Cuando pienso en historias con sabor, me vienen a la memoria películas, libros y canciones. Recuerdo aquella canción de un grupo del los ochenta, que decía algo así como, boca de limón, corazón de piñón, labios de miel, no me acuerdo muy bien, era muy pequeña, pero recuerdo toda esa explosión de frutas y sabores que segregaba mis papilas gustativas. Fue después en mi adolescencia viendo la película «Flashdance» cuando se me quedó grabada esa escena. Era en un restaurante, y la protagonista cenaba con el chico que le gustaba. Ella pedía un plato de marisco, recuerdo, cómo la protagonista, una joven y seductora bailarina, introducía los dedos en un enorme molusco, y sacaba de allí una carne blanca que metía descaradamente en la boca, mientras, frente a ella, el chico se la comía con los ojos. Después, ella, se sacaba el pie del zapato de tacón negro y, bajo la mesa, se lo colocaba en la entrepierna, sin apartar los ojos de él. Desde entonces, he asociado el marisco con una cita erótica.

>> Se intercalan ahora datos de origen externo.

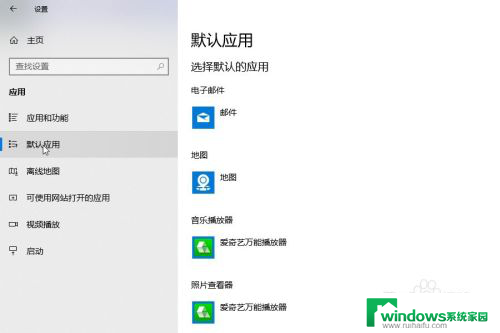 电脑默认播放器设置 win10如何设置默认视频播放器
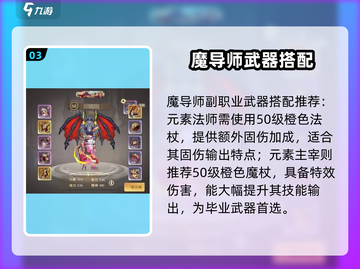 《勇士与冒险》毕业武器选对了吗？💥截图4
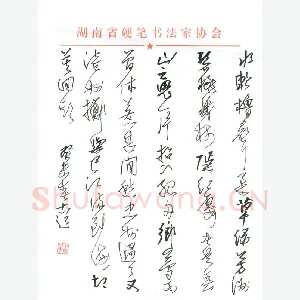 潘锋 硬笔行草 古诗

Pero también recuerdo la película «El Festín de Babette», «Como agua para Chocolate» o los libros «Rezar, comer, Amar» o «Confesiones de un Chef». En todas esas historias, las papilas gustativas se ponían en marcha, como si de verdad estuviera bebiendo un vino francés, una vichisoiss o una onza de chocolate derretido en mi paladar.
A veces me pregunto, si esos olores y sabores que evocan las palabras o las imágenes, son parecidas a un sueño, donde la realidad y la fantasía se confunden.
Sin embargo, aquel olor no me confundió. Recuerdo ese día que llegaba del colegio y, al abrir la puerta, me vino ese olor nauseabundo que solo podía ser del tío Juan, estaba en el comedor. El estómago me quemaba por dentro, me daba arcadas. Solo se preparaba coliflor cuando él venía de visita. Su cerebro era como aquella coliflor maloliente. Su sola presencia me causaba repugnancia.
Años más tarde, me di cuenta, de que aquel depravado había entrado en nuestras vidas como el lobo en el cuento de «Caperucita».